▶ **Work request**
Among the records below, find the line that has "New 2026 Mercedes-Benz GLE 63 AMG S image 4"; from there, give the lines again exactly, and stop after the line that has "Akb49 – Renai".

▶ **Web page caption snippets**
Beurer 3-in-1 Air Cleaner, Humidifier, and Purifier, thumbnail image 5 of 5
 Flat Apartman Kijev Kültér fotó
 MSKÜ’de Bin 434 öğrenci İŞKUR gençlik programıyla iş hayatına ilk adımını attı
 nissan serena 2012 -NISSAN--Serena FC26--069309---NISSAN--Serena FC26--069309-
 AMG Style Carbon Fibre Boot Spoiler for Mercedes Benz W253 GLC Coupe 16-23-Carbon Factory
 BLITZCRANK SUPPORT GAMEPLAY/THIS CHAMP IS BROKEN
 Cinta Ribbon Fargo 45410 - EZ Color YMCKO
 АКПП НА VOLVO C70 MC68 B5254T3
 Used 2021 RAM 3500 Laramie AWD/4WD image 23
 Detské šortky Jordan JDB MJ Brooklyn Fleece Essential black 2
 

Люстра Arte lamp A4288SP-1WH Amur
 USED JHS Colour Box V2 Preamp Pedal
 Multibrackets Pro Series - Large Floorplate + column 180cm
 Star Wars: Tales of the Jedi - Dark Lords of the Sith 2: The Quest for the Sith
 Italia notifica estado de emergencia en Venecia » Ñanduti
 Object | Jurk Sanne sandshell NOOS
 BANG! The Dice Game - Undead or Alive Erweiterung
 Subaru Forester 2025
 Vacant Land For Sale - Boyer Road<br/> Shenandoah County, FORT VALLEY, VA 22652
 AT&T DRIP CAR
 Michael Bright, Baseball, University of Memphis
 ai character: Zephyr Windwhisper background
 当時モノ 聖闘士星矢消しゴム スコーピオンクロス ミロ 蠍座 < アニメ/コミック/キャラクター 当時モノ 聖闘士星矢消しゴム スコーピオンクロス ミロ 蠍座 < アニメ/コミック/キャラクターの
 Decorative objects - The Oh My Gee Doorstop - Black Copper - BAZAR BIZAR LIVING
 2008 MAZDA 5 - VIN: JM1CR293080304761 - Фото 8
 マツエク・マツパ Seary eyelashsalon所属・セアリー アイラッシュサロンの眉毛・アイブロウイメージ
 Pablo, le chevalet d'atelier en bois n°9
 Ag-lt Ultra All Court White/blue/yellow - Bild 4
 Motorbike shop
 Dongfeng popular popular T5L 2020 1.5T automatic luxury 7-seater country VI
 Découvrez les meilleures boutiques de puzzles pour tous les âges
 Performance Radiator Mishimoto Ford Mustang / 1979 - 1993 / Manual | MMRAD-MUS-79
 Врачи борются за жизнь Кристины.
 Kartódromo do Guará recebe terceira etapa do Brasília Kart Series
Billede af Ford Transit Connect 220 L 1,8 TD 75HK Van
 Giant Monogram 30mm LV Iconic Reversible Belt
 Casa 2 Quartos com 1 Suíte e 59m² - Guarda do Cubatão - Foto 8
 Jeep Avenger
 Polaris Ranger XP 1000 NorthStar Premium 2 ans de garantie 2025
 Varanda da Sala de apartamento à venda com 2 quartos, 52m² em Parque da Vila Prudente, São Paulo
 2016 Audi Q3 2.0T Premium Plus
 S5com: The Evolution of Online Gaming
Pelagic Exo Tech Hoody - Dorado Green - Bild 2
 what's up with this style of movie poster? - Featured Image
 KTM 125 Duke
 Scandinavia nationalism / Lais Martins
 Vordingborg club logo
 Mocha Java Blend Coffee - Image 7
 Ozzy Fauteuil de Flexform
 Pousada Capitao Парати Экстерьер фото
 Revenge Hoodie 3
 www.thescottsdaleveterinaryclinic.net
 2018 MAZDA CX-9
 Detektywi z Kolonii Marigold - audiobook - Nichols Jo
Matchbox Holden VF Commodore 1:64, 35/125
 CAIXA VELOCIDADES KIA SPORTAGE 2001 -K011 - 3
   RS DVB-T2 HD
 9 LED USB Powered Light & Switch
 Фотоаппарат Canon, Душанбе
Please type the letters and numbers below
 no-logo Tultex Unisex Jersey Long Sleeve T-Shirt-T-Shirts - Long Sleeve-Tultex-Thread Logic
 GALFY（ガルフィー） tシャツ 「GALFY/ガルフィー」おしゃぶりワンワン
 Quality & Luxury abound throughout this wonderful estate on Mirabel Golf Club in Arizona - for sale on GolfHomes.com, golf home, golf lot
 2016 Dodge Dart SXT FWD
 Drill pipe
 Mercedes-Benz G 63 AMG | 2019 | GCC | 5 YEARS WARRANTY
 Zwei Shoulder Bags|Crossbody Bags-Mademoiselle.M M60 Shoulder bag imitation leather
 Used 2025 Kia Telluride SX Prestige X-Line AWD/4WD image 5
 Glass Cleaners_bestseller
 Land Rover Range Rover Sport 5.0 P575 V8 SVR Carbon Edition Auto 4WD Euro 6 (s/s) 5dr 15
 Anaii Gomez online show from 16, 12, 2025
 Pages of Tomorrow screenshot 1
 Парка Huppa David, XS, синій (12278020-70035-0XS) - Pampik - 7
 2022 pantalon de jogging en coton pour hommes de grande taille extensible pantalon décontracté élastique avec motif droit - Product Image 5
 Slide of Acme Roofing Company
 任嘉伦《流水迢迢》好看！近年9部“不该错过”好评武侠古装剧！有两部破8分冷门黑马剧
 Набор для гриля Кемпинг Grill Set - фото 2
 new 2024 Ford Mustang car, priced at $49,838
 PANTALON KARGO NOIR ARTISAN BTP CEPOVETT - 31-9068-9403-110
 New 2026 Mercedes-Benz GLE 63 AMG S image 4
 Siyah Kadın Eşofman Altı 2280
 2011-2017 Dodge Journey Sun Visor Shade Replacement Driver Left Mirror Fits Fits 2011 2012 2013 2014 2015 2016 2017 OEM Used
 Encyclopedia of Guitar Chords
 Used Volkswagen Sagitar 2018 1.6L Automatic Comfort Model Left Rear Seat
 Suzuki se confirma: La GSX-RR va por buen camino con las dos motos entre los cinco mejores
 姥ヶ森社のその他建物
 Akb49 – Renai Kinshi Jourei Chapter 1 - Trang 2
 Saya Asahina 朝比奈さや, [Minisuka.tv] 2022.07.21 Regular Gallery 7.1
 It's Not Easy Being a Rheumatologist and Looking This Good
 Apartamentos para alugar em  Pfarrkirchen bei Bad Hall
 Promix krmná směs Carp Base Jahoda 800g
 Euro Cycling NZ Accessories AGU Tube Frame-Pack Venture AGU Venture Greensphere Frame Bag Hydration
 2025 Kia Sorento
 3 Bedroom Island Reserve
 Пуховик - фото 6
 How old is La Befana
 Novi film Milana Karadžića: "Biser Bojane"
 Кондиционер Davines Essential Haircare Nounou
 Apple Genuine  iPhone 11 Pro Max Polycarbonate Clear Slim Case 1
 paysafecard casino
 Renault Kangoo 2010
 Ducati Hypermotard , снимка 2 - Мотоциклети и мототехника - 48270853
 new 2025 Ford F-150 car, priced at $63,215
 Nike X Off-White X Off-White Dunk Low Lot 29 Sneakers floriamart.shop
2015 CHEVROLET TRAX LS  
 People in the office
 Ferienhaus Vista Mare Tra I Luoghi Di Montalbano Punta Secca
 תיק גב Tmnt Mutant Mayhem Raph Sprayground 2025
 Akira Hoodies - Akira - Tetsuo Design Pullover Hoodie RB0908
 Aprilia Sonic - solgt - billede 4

▶ **Exercise output**
 New 2026 Mercedes-Benz GLE 63 AMG S image 4
 Siyah Kadın Eşofman Altı 2280
 2011-2017 Dodge Journey Sun Visor Shade Replacement Driver Left Mirror Fits Fits 2011 2012 2013 2014 2015 2016 2017 OEM Used
 Encyclopedia of Guitar Chords
 Used Volkswagen Sagitar 2018 1.6L Automatic Comfort Model Left Rear Seat
 Suzuki se confirma: La GSX-RR va por buen camino con las dos motos entre los cinco mejores
 姥ヶ森社のその他建物
 Akb49 – Renai Kinshi Jourei Chapter 1 - Trang 2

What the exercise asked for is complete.